A estrutura teórica do modelo inter-regional para a economia brasileira - MIBRA
The theoretical structure of inter regional model for the Brazilian economy - MIBRA
Joaquim Guilhoto,
Marcos Hasegawa and
Ricardo Lopes
MPRA Paper from University Library of Munich, Germany
Abstract:
The general equilibrium models got importance at the 70's for pointing tendencies that were, until that moment, not experienced by economics. One example was first petrol crisis which econometric models could not predict based on temporal series. On the other hand, the general equilibrium models were capable to indicate this tendency because these models included all economy structure, what allowed the realization of analysis of situations not faced before. Despite that nowadays multiple lines of work about general equilibrium models, models that work with linear equations and results in the form of growth rate, the so called general equilibrium models of the JOHANSEN/ORANI class, and the ones who treats equations on a non-linear form and results in levels, such as Scarf, Adelman & Robinson, Dervis, Melo & Robinson.
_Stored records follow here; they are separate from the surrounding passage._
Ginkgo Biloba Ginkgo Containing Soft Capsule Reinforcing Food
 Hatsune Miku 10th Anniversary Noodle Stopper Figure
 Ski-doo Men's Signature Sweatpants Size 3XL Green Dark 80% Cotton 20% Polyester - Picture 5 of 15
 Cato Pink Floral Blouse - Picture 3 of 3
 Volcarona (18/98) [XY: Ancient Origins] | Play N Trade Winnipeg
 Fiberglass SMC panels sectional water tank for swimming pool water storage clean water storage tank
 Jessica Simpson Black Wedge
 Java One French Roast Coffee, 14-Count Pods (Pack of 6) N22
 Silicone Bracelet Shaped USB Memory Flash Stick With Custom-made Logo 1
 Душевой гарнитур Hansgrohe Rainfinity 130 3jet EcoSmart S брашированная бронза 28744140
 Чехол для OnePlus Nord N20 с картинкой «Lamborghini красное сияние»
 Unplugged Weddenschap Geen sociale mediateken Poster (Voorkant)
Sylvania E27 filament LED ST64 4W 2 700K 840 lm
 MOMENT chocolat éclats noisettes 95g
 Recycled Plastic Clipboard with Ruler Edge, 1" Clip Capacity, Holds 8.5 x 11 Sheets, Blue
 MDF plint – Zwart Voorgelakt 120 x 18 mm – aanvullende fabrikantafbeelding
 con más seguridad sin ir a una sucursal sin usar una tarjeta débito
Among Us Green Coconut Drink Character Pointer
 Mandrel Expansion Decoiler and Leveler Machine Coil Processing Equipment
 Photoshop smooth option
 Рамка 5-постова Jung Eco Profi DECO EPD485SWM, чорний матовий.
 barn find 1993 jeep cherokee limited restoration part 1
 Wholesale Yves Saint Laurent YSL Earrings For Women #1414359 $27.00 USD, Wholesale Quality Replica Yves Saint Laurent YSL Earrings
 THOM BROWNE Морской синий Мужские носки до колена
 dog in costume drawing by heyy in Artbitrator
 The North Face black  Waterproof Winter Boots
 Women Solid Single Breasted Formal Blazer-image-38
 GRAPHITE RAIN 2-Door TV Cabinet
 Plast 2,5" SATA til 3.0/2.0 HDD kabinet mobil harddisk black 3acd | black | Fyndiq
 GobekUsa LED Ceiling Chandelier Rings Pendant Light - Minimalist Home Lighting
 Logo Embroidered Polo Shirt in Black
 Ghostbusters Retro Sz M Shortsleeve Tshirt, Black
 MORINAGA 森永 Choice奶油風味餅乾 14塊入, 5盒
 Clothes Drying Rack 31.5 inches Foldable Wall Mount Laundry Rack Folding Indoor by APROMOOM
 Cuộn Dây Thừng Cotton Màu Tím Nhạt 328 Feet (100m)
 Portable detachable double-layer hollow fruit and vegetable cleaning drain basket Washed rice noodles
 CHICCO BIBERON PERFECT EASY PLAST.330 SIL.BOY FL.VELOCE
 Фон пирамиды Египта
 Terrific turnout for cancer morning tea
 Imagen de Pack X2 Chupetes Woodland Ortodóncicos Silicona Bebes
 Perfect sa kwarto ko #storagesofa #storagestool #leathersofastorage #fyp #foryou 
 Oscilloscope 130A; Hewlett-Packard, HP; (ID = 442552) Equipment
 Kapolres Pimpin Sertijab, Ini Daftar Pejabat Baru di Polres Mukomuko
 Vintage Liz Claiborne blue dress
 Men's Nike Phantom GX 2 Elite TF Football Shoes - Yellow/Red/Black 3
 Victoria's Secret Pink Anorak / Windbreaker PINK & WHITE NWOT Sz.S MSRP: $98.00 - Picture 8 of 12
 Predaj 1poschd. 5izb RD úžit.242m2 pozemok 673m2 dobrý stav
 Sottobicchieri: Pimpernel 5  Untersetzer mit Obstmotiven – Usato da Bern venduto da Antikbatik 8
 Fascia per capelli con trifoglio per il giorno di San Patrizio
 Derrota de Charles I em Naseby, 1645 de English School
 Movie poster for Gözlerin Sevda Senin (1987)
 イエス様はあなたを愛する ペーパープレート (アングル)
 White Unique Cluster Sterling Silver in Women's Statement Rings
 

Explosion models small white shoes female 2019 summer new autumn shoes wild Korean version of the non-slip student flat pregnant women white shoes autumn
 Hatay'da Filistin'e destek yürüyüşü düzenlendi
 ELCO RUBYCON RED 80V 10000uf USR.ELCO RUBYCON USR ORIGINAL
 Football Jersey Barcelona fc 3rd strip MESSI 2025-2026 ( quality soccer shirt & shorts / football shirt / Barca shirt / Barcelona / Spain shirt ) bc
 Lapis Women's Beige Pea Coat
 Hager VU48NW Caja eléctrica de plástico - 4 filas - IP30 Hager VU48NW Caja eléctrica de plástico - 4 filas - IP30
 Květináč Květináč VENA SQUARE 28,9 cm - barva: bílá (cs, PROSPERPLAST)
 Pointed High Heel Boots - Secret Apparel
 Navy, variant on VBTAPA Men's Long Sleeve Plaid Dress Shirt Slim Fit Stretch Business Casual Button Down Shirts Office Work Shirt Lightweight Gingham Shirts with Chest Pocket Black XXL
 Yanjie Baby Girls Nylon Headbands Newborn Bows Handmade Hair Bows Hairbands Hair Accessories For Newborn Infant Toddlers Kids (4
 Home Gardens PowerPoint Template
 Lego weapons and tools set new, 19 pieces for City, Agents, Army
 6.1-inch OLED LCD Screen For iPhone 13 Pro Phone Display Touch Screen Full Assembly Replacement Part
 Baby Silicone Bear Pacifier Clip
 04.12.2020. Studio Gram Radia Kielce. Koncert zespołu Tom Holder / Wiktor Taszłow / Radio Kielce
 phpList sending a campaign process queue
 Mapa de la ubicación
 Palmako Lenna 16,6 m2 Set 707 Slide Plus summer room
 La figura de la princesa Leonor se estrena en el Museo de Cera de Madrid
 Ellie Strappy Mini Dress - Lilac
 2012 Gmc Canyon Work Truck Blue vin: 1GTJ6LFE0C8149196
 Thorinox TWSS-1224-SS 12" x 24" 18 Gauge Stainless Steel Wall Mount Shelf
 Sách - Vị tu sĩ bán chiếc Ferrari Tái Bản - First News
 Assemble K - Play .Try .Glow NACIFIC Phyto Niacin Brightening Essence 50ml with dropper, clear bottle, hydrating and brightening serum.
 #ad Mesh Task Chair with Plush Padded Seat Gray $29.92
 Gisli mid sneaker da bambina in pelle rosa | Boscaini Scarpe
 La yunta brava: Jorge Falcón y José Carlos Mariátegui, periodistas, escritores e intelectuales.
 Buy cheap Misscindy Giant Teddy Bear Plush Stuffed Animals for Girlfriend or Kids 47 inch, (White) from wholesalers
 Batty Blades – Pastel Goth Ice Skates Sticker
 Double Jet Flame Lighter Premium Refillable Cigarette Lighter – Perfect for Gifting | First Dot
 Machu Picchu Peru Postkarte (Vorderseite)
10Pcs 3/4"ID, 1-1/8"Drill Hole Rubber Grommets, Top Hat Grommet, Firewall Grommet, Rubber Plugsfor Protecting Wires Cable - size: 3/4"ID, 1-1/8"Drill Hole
Using their ORANI model as a start point, the authors developed the MONASH general equilibrium model in national level, both aimed to the Australian economy. From this model it was created the MONASH-MRF model to work in a regional area, also Australia, with the function of realizing statistical comparative analysis and economics previsions. Based on the MONASH-MRF model, an inter regional model was developed to the Brazilian economy, MIBRA, with sixteen sectors and five macro regions, using the input-output matrix of 1995. MIBRA presents five modules:1)The core, with equations that refers to the productive structure of the economy; 2)government finances, which gather equations related to the public finances in both federal and regional levels; 3) Investment and capital accumulation, that focus on the allocation of investments among the sectors and regions 4)External debt accumulation; and 5)Population and migration, which equations are related to population growth and regional migration. The theoretical structure of the MIBRA model is presented in this work.
Keywords: Applied general equilibrium models; regional economics; Brazil (search for similar items in EconPapers)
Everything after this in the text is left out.